TASK REQUIREMENTS: The entries below contain a stretch that opens with the line containing "Lesne Berdo Przyslup" and closes with the line containing "橡实壳的功能主治|用法用量思维导图"; set down that stretch exactly, both ends included, and nothing else.

Crawled caption data:

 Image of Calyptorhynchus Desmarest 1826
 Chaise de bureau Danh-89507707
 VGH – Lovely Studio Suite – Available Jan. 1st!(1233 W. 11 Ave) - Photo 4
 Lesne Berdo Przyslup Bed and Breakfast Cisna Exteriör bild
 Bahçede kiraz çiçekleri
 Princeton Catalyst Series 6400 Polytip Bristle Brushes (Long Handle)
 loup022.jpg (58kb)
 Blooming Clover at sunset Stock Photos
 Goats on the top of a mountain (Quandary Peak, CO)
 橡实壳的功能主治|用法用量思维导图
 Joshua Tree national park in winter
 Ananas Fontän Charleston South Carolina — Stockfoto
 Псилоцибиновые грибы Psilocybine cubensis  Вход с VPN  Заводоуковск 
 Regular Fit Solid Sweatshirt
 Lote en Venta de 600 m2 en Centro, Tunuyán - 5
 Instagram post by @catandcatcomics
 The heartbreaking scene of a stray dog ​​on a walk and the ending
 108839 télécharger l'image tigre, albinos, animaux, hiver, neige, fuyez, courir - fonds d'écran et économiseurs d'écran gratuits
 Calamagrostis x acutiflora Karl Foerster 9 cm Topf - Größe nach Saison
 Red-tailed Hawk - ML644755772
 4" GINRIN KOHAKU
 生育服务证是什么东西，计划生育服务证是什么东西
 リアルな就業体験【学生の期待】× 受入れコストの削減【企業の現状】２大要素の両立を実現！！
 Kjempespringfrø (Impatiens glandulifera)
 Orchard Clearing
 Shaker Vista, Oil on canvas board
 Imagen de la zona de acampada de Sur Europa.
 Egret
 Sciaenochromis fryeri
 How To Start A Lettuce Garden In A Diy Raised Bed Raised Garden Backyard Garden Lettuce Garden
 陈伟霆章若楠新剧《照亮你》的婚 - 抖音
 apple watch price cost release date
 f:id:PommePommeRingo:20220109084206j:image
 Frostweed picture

EXERCISE OUTPUT:
 Lesne Berdo Przyslup Bed and Breakfast Cisna Exteriör bild
 Bahçede kiraz çiçekleri
 Princeton Catalyst Series 6400 Polytip Bristle Brushes (Long Handle)
 loup022.jpg (58kb)
 Blooming Clover at sunset Stock Photos
 Goats on the top of a mountain (Quandary Peak, CO)
 橡实壳的功能主治|用法用量思维导图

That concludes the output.